He also questioned how much progress African Americans have actually made and whether they’re truly “free” (“‘You’re free,'” they keep telling us. But she would have been alive if she hadn’t acted so … free”).
“I don’t want to hear anymore about how far we’ve come when paid public servants can pull a drive-by on a 12-year-old playing alone in a park in broad daylight, killing him on television and then going home to make a sandwich,” he said, citing the deaths of Tamir Rice, Rekia Boyd, Eric Garner, Sandra Bland and Darrien Hunt.
Williams concluded his speech on a poignant note by taking aim at those who exploit black culture.
“We’ve been floating this country on credit for centuries and we’re done watching and waiting while this invention called whiteness uses and abuses us, burying black people — out of sight and out of mind — while extracting our culture, our dollars, our entertainment like oil, black gold, ghettoizing and demeaning our creations then stealing them, gentrifying our genius and then trying us on like costumes before discarding our bodies like rinds of strained fruit. The thing is that just because we’re magic doesn’t mean we’re not real.”
Watch the full speech below.
Justin Timberlake received social media backlash for his response to the speech Sunday night on Twitter.

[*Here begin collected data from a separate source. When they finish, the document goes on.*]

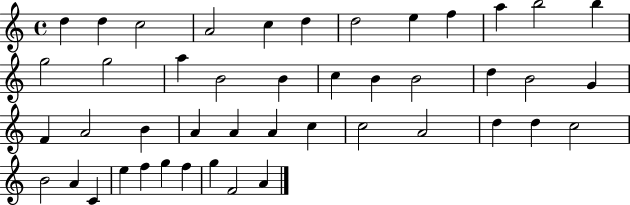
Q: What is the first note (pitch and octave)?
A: D5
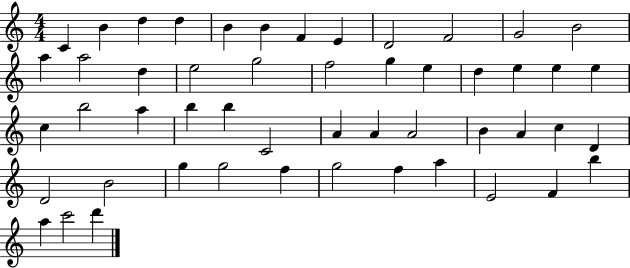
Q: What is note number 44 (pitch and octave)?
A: F5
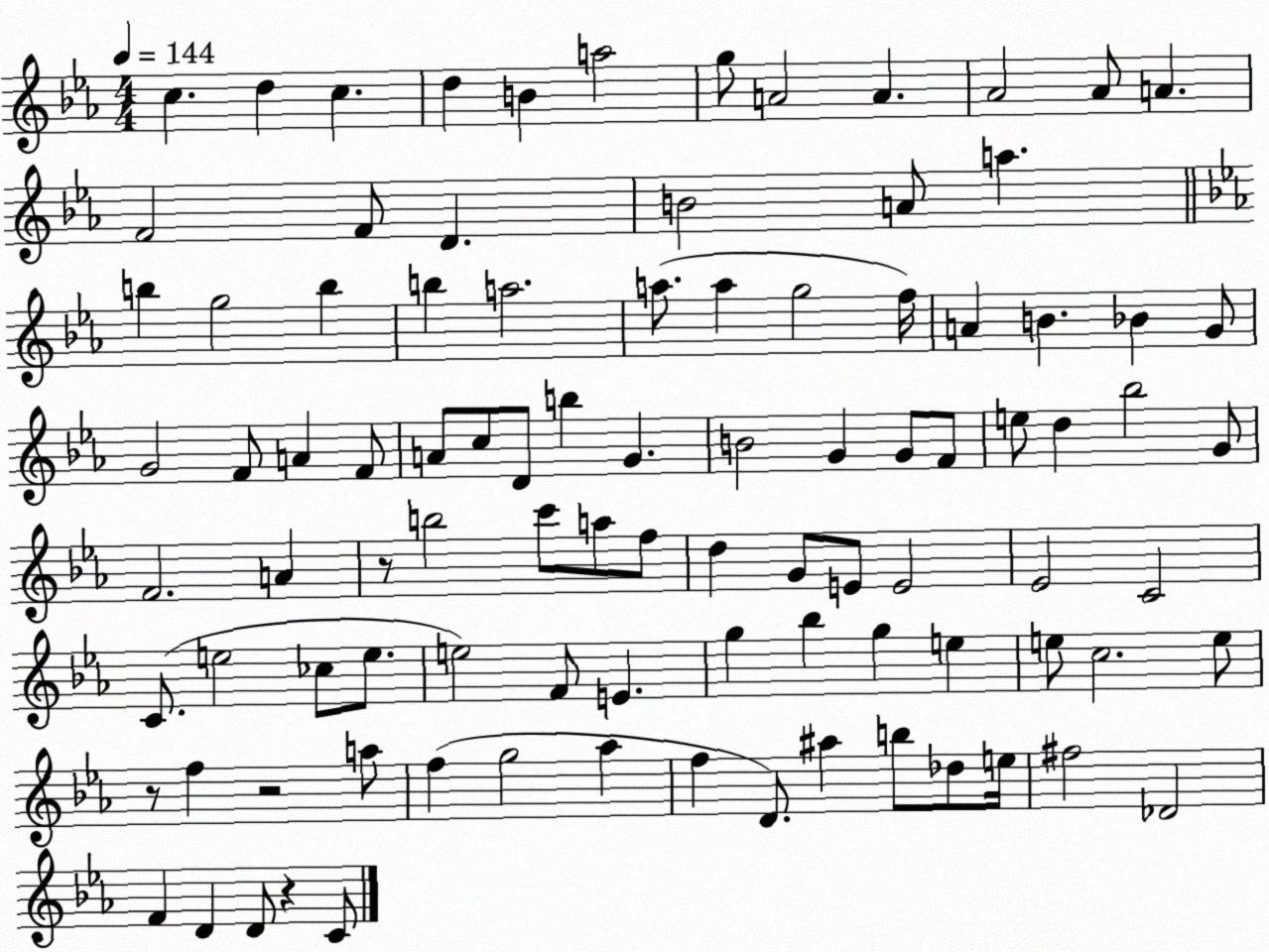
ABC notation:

X:1
T:Untitled
M:4/4
L:1/4
K:Eb
c d c d B a2 g/2 A2 A _A2 _A/2 A F2 F/2 D B2 A/2 a b g2 b b a2 a/2 a g2 f/4 A B _B G/2 G2 F/2 A F/2 A/2 c/2 D/2 b G B2 G G/2 F/2 e/2 d _b2 G/2 F2 A z/2 b2 c'/2 a/2 f/2 d G/2 E/2 E2 _E2 C2 C/2 e2 _c/2 e/2 e2 F/2 E g _b g e e/2 c2 e/2 z/2 f z2 a/2 f g2 _a f D/2 ^a b/2 _d/2 e/4 ^f2 _D2 F D D/2 z C/2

Journalist Ernest Owens asked “So does this mean you’re going to stop appropriating our music and culture? And apologize to Janet too,” to which Timberlake responded “Oh, you sweet soul. The more you realize that we are the same, the more we can have a conversation.”
After being accused of being dismissive, condescending and dodging the question, the pop star — blamed for leaving Janet Jackson to take the bullet for her Super Bowl “wardrobe malfunction” — tweeted an apology.